**DATA**

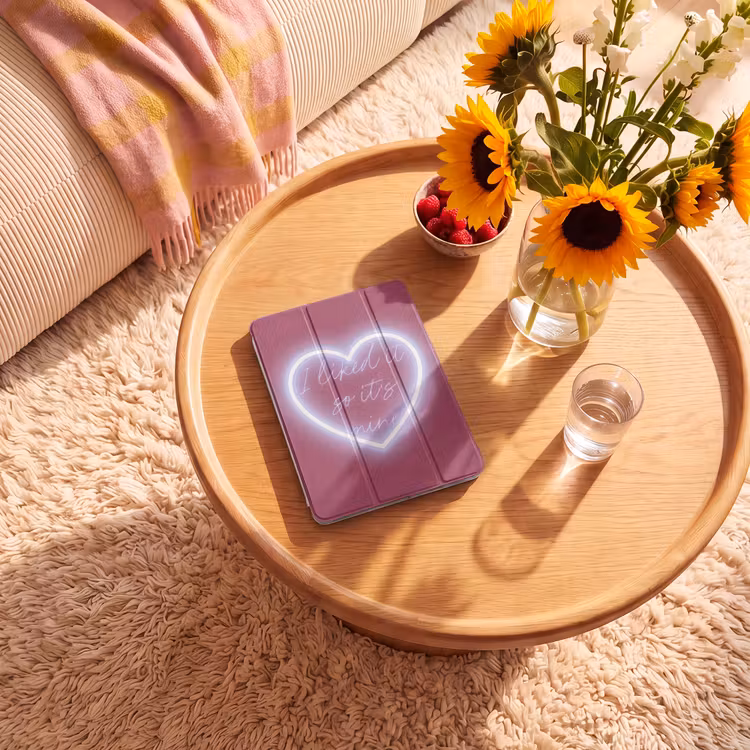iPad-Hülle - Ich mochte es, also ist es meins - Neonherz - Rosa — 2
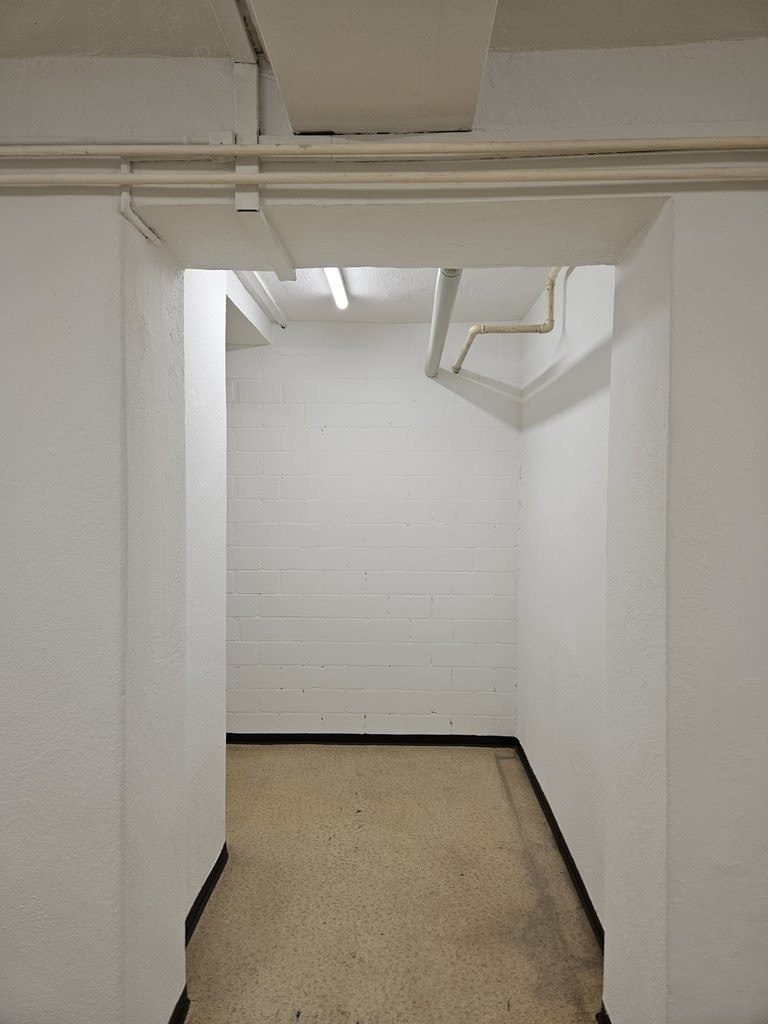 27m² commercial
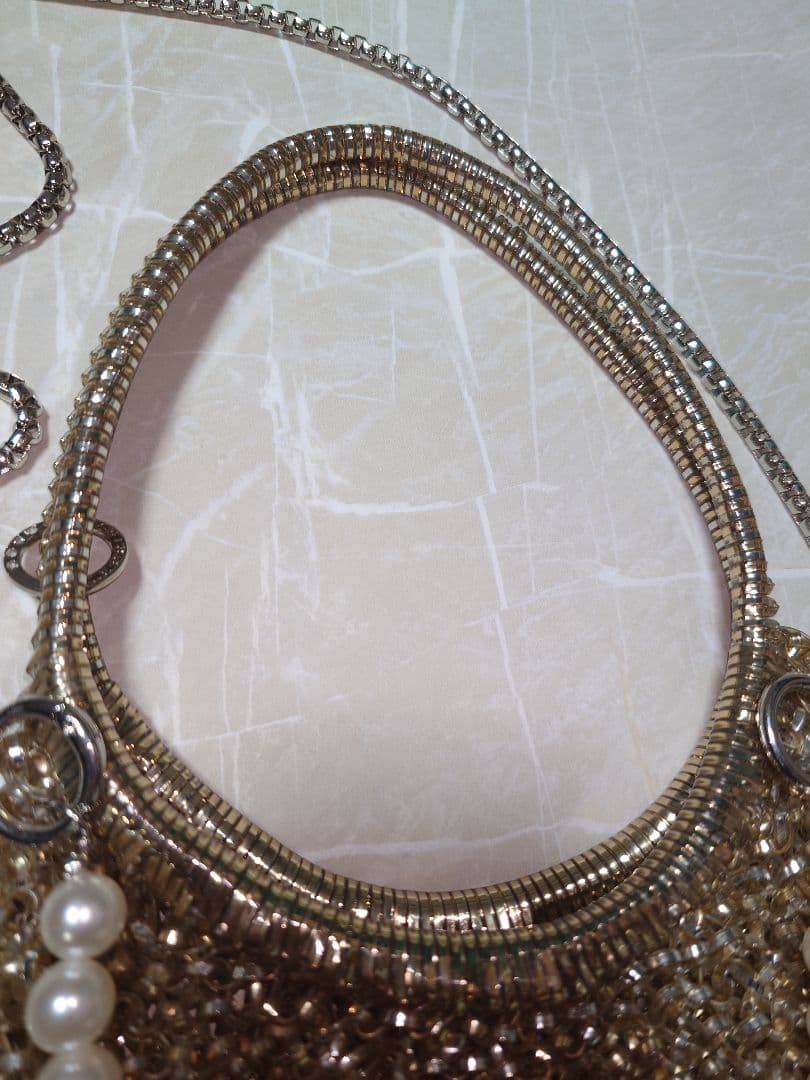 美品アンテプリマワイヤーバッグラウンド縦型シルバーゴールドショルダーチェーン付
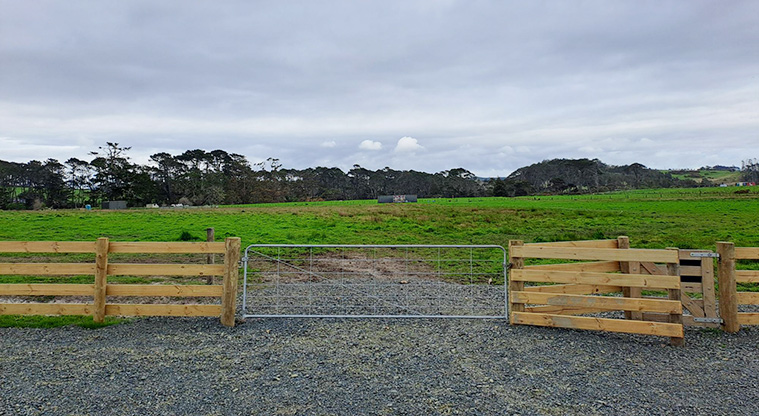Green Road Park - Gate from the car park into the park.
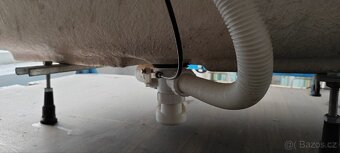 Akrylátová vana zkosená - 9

**DIRECTIONS**
Exact copy, no pictures: please print every record above as written.

**TASK RESULT**
iPad-Hülle - Ich mochte es, also ist es meins - Neonherz - Rosa — 2
 27m² commercial
 美品アンテプリマワイヤーバッグラウンド縦型シルバーゴールドショルダーチェーン付
Green Road Park - Gate from the car park into the park.
 Akrylátová vana zkosená - 9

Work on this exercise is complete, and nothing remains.